A quadratic equation is a second-degree polynomial equation of the form:
ax² + bx + c = 0
where:

• a, b, c are constants,
• a ≠ 0 (if a = 0, it becomes a linear equation),
• x is the variable.

Key Features of Quadratic Equations

• Degree: The highest power of the variable x is 2.
• Parabolic Graph: The graph of a quadratic equation is a parabola that either opens upward (a > 0) or downward (a < 0).
• Roots/Solutions: The values of x that satisfy the equation.

Forms of a Quadratic Equation

1. Standard Form: ax² + bx + c = 0
2. Factored Form: a(x - p)(x - q) = 0, where p and q are the roots.
3. Vertex Form: a(x - h)² + k = 0, where (h, k) is the vertex.

Methods of Solving Quadratic Equations

1. Factoring:
   Solve x² - 5x + 6 = 0:
   Factored form: (x - 2)(x - 3) = 0
   Roots: x = 2, x = 3.
2. Completing the Square:
   Solve x² + 4x - 5 = 0:
   Step 1: x² + 4x = 5
   Step 2: (x + 2)² = 9
   Roots: x = -2 ± 3 (i.e., x = 1, x = -5).
3. Using the Quadratic Formula:

   The quadratic formula is given by:

   x = (-b ± √(b² - 4ac)) / 2a
   Solve 2x² + 3x - 2 = 0:
   a = 2, b = 3, c = -2
x = (-3 ± √(3² - 4(2)(-2))) / (2(2)) = (-3 ± √25) / 4
   Roots: x = 1/2, x = -2.
4. Graphical Method:

   Plot the quadratic function y = ax² + bx + c on a graph.
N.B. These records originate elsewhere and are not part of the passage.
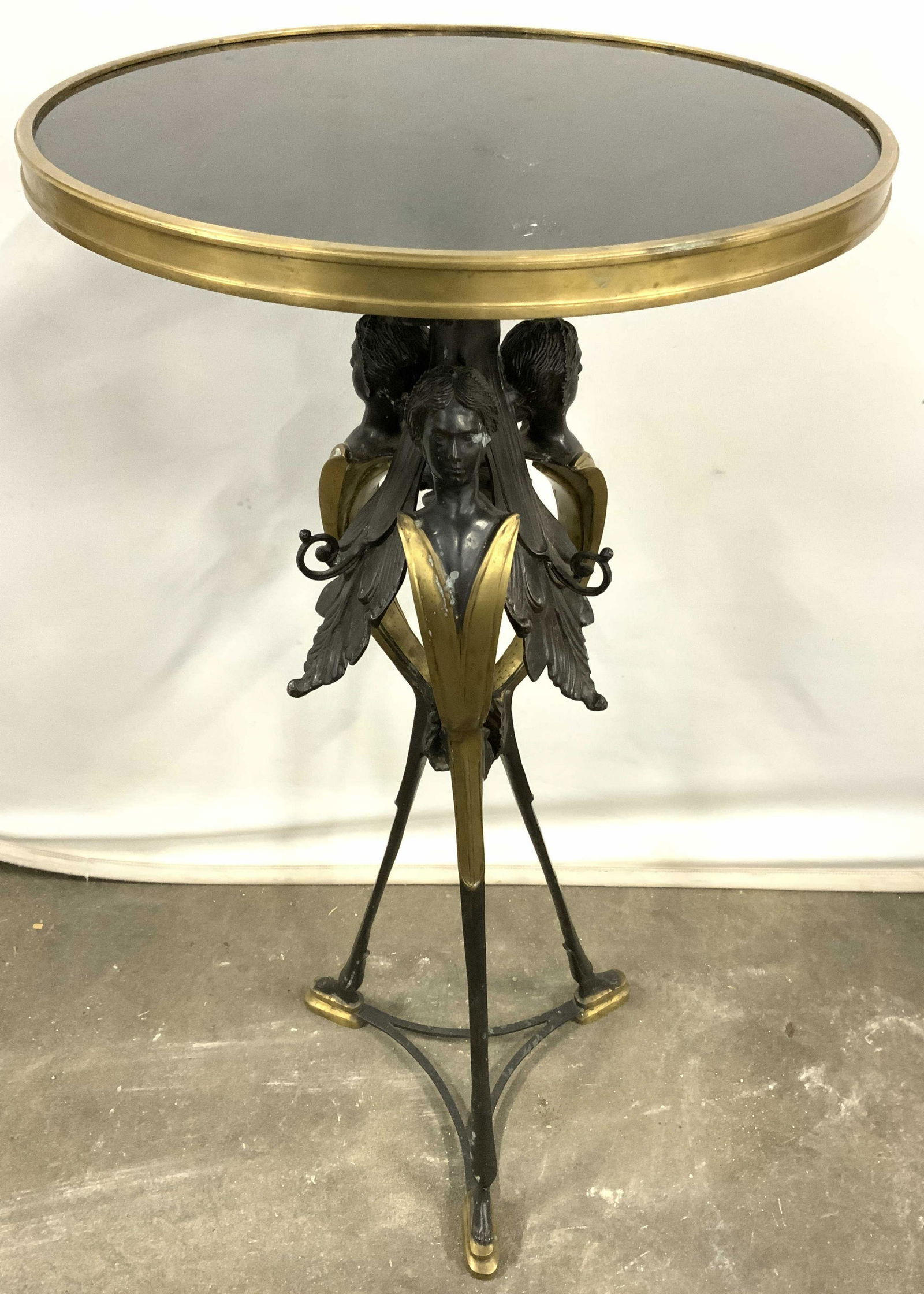 Bronze Classical Style Pedestal W Caryatid Mounts (1 of 10)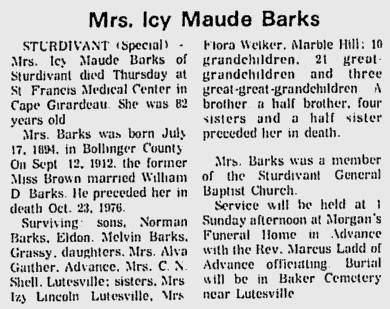 Barks, Icy Maude (nee Brown)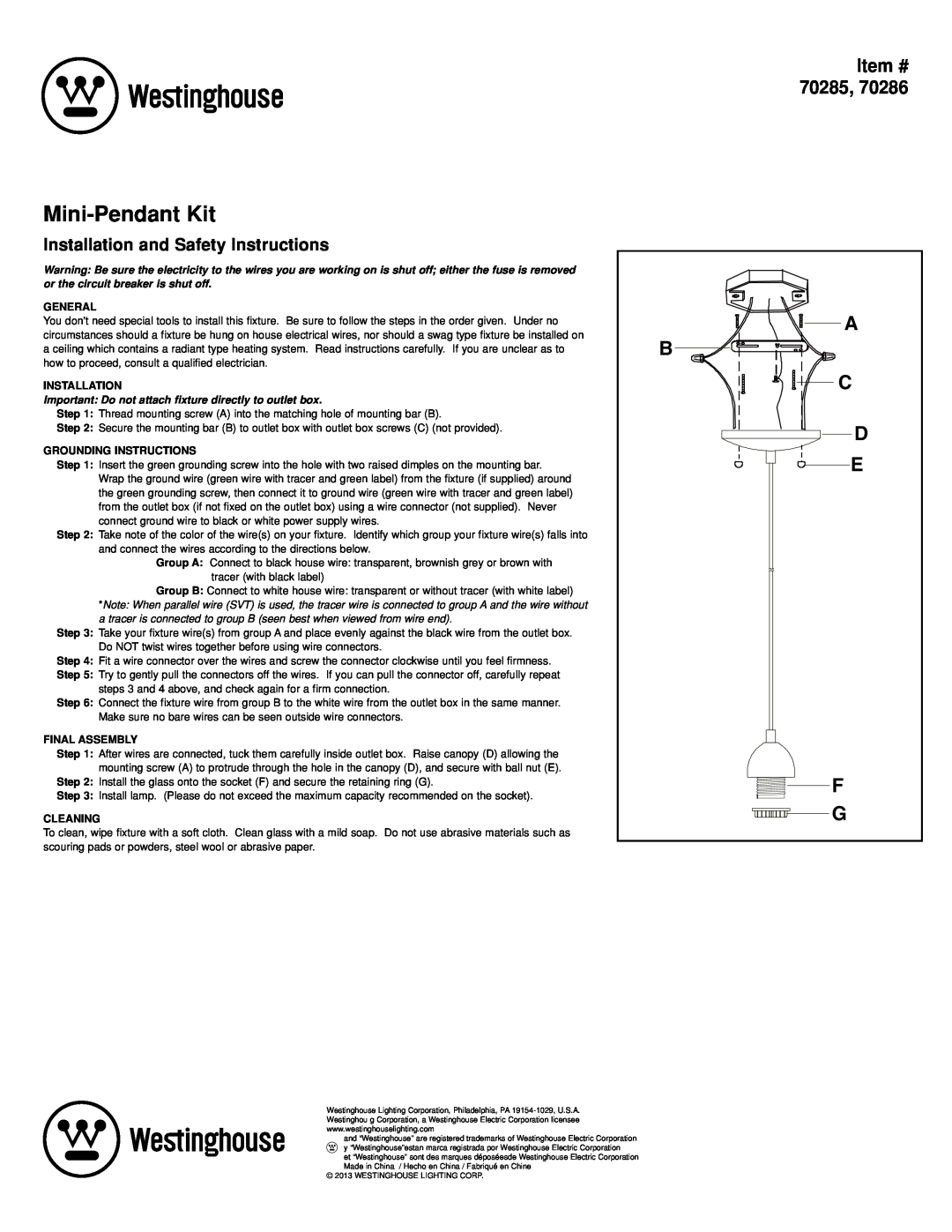 Westinghouse 70286 manual Mini-PendantKit, Installation and Safety Instructions, Item #, A B C D E F G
The roots are the x-coordinates where the graph intersects the x-axis.

The Discriminant

The discriminant (Δ) determines the nature of the roots and is given by: Δ = b² - 4ac

• If Δ > 0: Two distinct real roots.
• If Δ = 0: One repeated real root.
• If Δ < 0: Two complex roots.

Applications of Quadratic Equations

• Physics: Projectile motion, free-fall problems.
• Engineering: Design of parabolic structures.
• Economics: Revenue and profit maximization problems.
• Geometry: Finding areas and dimensions.

Examples and Practice Problems

• Solve 3x² - 5x + 2 = 0 using the quadratic formula.
• Determine the nature of the roots of x² + 4x + 5 = 0 using the discriminant.
• If a parabola is given by y = -2x² + 4x + 1, find its vertex and axis of symmetry.